[Try it]
The line containing "Steiff Nikili Bub" marks the end: write out exactly every line from the first line of the data below through that line, and only those.

[The input]
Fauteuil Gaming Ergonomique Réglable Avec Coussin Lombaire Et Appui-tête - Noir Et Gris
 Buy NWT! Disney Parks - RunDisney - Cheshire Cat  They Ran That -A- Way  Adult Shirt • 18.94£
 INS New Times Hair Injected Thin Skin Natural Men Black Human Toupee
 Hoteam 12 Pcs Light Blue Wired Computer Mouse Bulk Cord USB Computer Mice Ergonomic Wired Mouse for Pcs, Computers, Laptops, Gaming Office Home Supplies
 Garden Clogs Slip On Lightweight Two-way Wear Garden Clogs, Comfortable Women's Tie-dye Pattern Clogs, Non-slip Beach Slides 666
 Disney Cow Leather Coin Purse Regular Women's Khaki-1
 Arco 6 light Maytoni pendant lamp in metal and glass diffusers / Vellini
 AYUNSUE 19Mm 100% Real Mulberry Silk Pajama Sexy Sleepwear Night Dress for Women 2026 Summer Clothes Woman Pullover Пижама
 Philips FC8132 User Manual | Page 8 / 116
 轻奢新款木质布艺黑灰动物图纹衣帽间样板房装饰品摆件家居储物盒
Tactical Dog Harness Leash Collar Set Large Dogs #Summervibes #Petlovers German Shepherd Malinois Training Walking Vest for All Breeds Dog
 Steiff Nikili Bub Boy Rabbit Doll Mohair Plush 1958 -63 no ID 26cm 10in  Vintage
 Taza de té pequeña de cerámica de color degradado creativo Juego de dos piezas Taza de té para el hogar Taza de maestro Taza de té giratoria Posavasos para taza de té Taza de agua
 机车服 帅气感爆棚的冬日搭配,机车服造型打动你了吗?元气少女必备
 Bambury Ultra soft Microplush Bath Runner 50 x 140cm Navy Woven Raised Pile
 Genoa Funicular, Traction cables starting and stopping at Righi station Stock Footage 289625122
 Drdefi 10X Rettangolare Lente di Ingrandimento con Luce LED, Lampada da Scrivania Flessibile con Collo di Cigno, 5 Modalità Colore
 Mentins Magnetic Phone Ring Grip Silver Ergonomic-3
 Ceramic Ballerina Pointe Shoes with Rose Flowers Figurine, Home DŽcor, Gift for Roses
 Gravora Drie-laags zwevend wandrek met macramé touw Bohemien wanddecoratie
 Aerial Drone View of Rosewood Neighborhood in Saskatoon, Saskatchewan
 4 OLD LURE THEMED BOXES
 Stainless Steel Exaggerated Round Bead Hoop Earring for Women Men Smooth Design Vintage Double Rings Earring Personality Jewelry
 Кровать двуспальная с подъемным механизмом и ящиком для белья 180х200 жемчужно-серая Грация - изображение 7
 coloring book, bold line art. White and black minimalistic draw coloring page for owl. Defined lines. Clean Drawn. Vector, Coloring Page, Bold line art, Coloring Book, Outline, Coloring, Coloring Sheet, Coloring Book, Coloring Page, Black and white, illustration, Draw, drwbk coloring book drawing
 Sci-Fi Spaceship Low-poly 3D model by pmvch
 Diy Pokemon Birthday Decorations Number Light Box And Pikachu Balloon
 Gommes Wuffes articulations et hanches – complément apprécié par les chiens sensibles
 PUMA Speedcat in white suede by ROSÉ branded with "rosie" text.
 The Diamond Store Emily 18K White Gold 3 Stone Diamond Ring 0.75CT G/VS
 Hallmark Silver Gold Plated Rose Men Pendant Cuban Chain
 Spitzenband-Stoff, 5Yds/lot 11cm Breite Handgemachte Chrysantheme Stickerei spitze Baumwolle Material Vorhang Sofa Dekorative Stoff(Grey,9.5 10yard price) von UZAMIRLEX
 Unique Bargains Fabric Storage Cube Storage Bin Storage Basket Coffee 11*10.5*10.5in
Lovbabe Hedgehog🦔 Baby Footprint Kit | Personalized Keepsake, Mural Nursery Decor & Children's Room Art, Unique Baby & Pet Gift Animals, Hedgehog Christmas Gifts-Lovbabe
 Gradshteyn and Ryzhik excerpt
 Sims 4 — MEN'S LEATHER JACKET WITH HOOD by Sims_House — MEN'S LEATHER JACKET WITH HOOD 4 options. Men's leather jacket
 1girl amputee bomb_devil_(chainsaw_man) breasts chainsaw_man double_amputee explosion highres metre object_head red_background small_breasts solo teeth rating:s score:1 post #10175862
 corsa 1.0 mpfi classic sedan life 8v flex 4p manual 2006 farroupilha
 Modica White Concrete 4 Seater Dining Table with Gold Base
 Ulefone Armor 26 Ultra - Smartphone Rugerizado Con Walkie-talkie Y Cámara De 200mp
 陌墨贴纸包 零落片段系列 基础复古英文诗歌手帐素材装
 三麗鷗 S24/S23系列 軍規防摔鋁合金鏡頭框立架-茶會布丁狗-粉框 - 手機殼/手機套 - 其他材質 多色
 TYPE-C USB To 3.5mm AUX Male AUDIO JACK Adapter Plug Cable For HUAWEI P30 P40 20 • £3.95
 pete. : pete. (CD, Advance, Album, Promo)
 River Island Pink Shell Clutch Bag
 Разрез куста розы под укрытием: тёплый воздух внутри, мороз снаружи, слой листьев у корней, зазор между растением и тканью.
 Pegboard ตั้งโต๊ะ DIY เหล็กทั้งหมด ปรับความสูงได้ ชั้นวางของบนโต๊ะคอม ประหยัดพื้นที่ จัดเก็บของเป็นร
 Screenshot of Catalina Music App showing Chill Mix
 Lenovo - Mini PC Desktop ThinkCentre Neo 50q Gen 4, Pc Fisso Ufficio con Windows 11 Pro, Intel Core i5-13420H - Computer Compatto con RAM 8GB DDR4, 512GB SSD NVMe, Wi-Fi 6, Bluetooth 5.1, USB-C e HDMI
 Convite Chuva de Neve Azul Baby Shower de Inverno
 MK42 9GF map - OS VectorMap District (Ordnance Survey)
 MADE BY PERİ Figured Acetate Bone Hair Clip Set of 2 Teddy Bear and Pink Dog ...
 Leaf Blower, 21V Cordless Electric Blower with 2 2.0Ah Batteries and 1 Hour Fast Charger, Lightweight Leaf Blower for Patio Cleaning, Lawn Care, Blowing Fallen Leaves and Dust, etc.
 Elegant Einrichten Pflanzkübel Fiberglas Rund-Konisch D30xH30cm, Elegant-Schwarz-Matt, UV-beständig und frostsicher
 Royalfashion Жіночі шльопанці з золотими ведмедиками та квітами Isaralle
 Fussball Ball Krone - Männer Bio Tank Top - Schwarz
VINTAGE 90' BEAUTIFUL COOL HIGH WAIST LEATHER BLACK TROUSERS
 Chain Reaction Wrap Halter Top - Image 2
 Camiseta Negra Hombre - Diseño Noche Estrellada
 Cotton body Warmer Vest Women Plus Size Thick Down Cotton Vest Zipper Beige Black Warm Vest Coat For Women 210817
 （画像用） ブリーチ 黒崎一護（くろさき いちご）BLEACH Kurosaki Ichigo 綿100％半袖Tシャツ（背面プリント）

[Solution to the exercise]
Fauteuil Gaming Ergonomique Réglable Avec Coussin Lombaire Et Appui-tête - Noir Et Gris
 Buy NWT! Disney Parks - RunDisney - Cheshire Cat  They Ran That -A- Way  Adult Shirt • 18.94£
 INS New Times Hair Injected Thin Skin Natural Men Black Human Toupee
 Hoteam 12 Pcs Light Blue Wired Computer Mouse Bulk Cord USB Computer Mice Ergonomic Wired Mouse for Pcs, Computers, Laptops, Gaming Office Home Supplies
 Garden Clogs Slip On Lightweight Two-way Wear Garden Clogs, Comfortable Women's Tie-dye Pattern Clogs, Non-slip Beach Slides 666
 Disney Cow Leather Coin Purse Regular Women's Khaki-1
 Arco 6 light Maytoni pendant lamp in metal and glass diffusers / Vellini
 AYUNSUE 19Mm 100% Real Mulberry Silk Pajama Sexy Sleepwear Night Dress for Women 2026 Summer Clothes Woman Pullover Пижама
 Philips FC8132 User Manual | Page 8 / 116
 轻奢新款木质布艺黑灰动物图纹衣帽间样板房装饰品摆件家居储物盒
Tactical Dog Harness Leash Collar Set Large Dogs #Summervibes #Petlovers German Shepherd Malinois Training Walking Vest for All Breeds Dog
 Steiff Nikili Bub Boy Rabbit Doll Mohair Plush 1958 -63 no ID 26cm 10in  Vintage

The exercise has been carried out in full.